### WHAT NEEDS TO BE DONE
Produce a verbatim copy of the records, and keep the images out of it.

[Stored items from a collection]
§

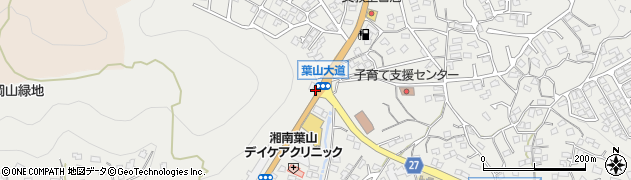神奈川県三浦郡葉山町一色1718周辺の地図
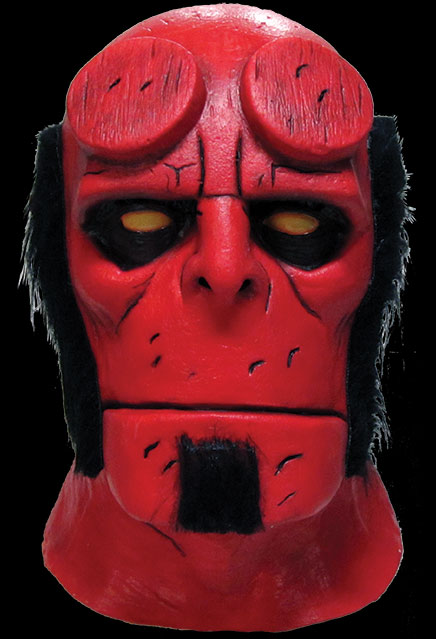 Hellboy Dark Horse Comics Latex Mask SPECIAL ORDER!! - Click Image to Close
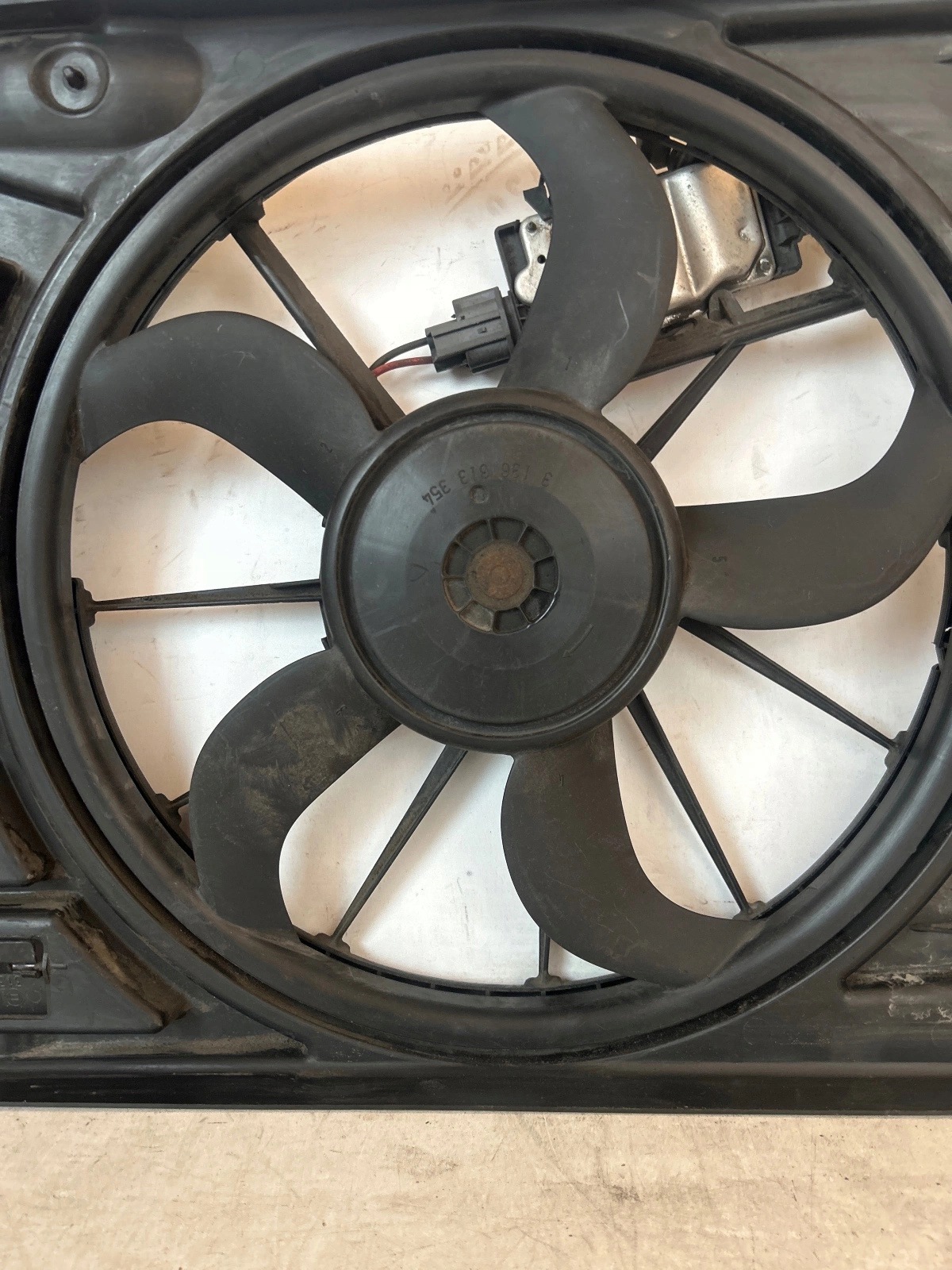 Boîte Ventilateurs Module Ford Focus MK3 C-Max MK2 1.6 TDCI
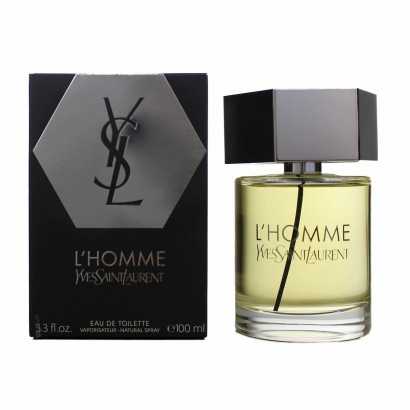Profumo Uomo Yves Saint Laurent EDT Ysl L'homme 100 ml-Profumi da uomo-Verais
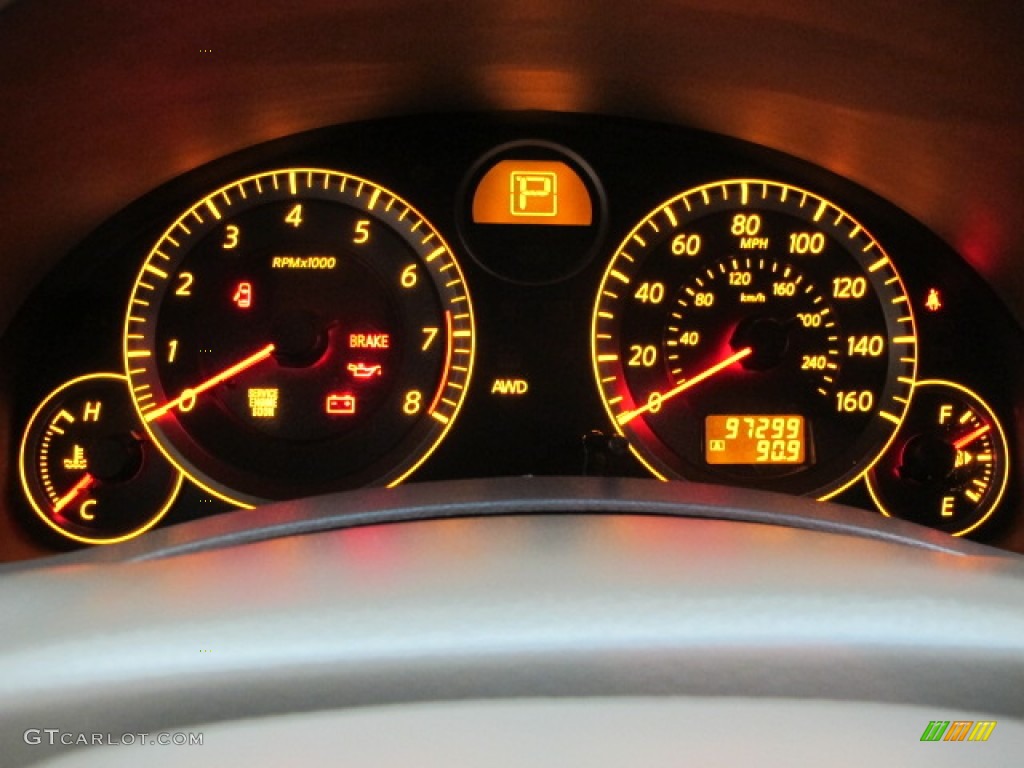 2005 Infiniti G 35 x Sedan Gauges Photos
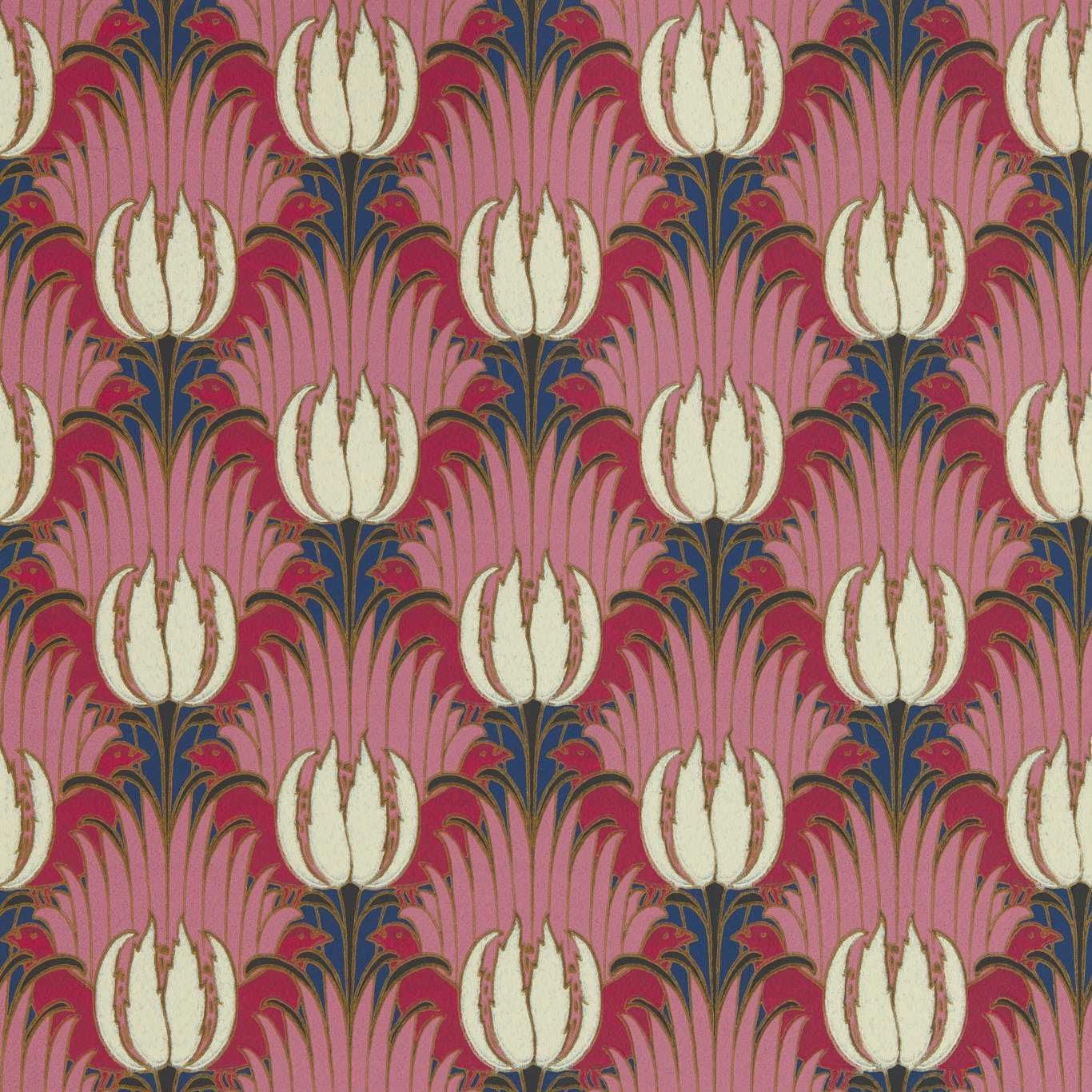 Pink - Tulip and Bird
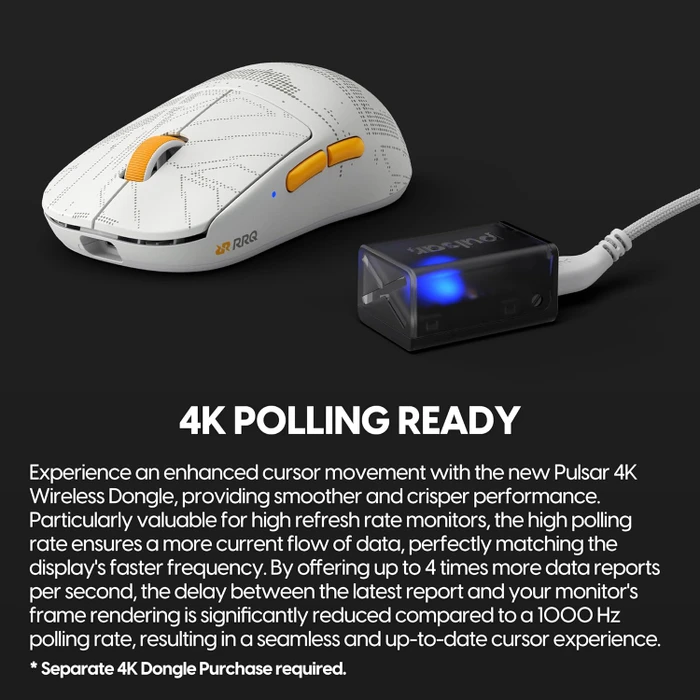 Pulsar Gaming Gears X2H Mini Wireless RRQ Limited Color Edition, USB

§

### RESPONSE TO THIS EXERCISE
神奈川県三浦郡葉山町一色1718周辺の地図
 Hellboy Dark Horse Comics Latex Mask SPECIAL ORDER!! - Click Image to Close
 Boîte Ventilateurs Module Ford Focus MK3 C-Max MK2 1.6 TDCI
Profumo Uomo Yves Saint Laurent EDT Ysl L'homme 100 ml-Profumi da uomo-Verais
 2005 Infiniti G 35 x Sedan Gauges Photos
 Pink - Tulip and Bird
 Pulsar Gaming Gears X2H Mini Wireless RRQ Limited Color Edition, USB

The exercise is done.